外国人は、中国は南京虫が多いと言う。だが西洋にもいる:
日本人は、中国人は文字を弄ぶのが好きだとけなすが、日本人にも同類がいる。
非抵抗はガンジーがおり:外国人殴打禁止をしたのはヒットラーがいる:
クインシ―はアヘンを吸い、ドストエフスキーは博打で身を滅ぼした。
スイフトは枷をはめられ(これはデフォーの誤記:出版社)、
反動にはマルクスがいる。(蒋介石政府は反政府行為を反動と決めつけた)
誘拐はリンドバーグ大佐の子がいる。(当時は誘拐が横行していた)
纏足とハイヒールの間に大差はない。
ただ外国人は、我々中国人は公益を無視し、私利のみ追求し、金の亡者という。
これには弁解の余地は無い。
民国以来どれほど多くの総統や高官が下野後、みなとても太り、詩を賦し、観劇し、
念仏を唱え、飽食しているのは、まさに批評家に証拠を与えているわけだ。
だが、思いがけず私は発見した:このような事は外国にもある! と。
「17日ハバナ電――カナダに逃亡中のキューバ前総統マチャド氏は、…
彼のキューバに残した財産8百万ドルを、誰か回収してくれるなら、
援助を惜しまぬ、と。
又一方、キューバ政府は、マチャドと旧属僚38人に逮捕状を出し、
彼らの財産を差し押さえ、その額25百万ドルに達した…」
38人で25百万ドルとは、手段もたいしたことは無いが、ある程度稼いだのは確かだ。
『これは我々の「高官」たちの恥をそそぐに十分足るものだ。
だが私はやはり彼らが外国で土地を買い、外国の銀行に預金を持つことを望む。
そうすれば、我々が外国人と有利に交渉できるから』(『』内は全て傍点付き)
もし仮に、世界中に南京虫のいる家が一軒だけだとして、他の人から指摘されたら、
実にいい気はしないが、捕まえるのも難儀なことだ。
ましてや、北京には一種の学説があり、南京虫は捕まえきれない、捕まえれば、
捕まえるほど多くなるというのだ。
すべて捕まえて見たところで、一体何の価値がなるのか、一種の消極的方法に過ぎぬ。
やはり何といっても、他の家にも南京虫がいてくれれば良いと思うのだ。
そしてそれを見つければなおさら良いと思うのだ。
発見するというのは、積極的なことだ。

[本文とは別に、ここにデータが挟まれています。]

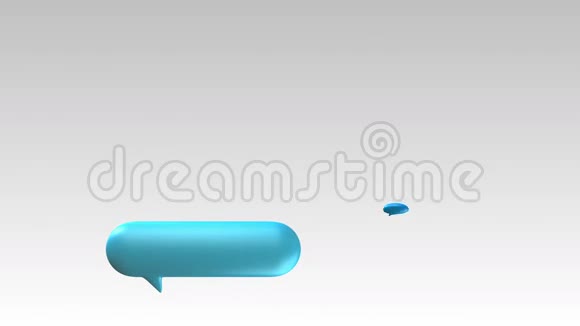 三语气泡文字条3D气球样式视频的预览图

コロンブスとエジソンも発見や発明をした、
というだけにすぎない。
そんなことに心身を疲れさすより、ダンスをしたりコーヒーを飲む方が良い。
それは外国にもあり、パリにはたくさんのダンスホールとカフェ―がある。
『たとえ中国がすべて滅びたとしても、何も驚くにあたらない、
君聞かずや、Chaldaea(新バビロン王国)とMacedoniaのことを?
――外国にもあるのだ! 10月19日
訳者雑感:
総統や高官が下野した後、云々は 歴代の韓国の大統領、台湾の陳水扁氏など
30年代の中国の状況は21世紀の東アジアでも相変わらずの状況だ。
今回の李氏の竹島上陸も下野後に逮捕されるのを防ぐため、反日愛国活動に貢献した、
ということで、減刑してもらうか、あわよくば不逮捕、不起訴に持ち込みたいというのが、
主たる動機だと言う説もあるほどだ。兄が逮捕されたのが引き金だとか。
しかし民国時代は高官が身代金目的で誘拐されたり、暗殺されたりしたが、
優雅な暮らしを享受した高官もいたようだ。
纏足とハイヒールは元々の発想が同じで、西洋人は纏足を酷いことだとするが、
ハイヒールも50歩100歩だというのが魯迅の意見だが、それはどうか分からない。
この文章はかなり逆説的で、投げやり的な印象も持つが、南京虫が1軒だけにいたのなら
大変恥ずかしいことだが、世界中にいる云々の段は非常な風刺を感じる。
北京の学説だと、捕まえても、捕まえても減らない。より増えてしまうという。
最近の北京のトイレは臭いのと非衛生的との非難を受けて、衛生の基準を決め、
ハエは2匹までなら許容するがそれ以上のトイレを厳しく規制する云々という。
この辺の基準の置き方は、我々の感覚からするとだいぶ隔たりを感じる。
許容という概念が異なっている。1匹でもいたら非衛生だというのが日本の常識。
2匹までなら許容するというのは、どういう発想から来るのだろうか。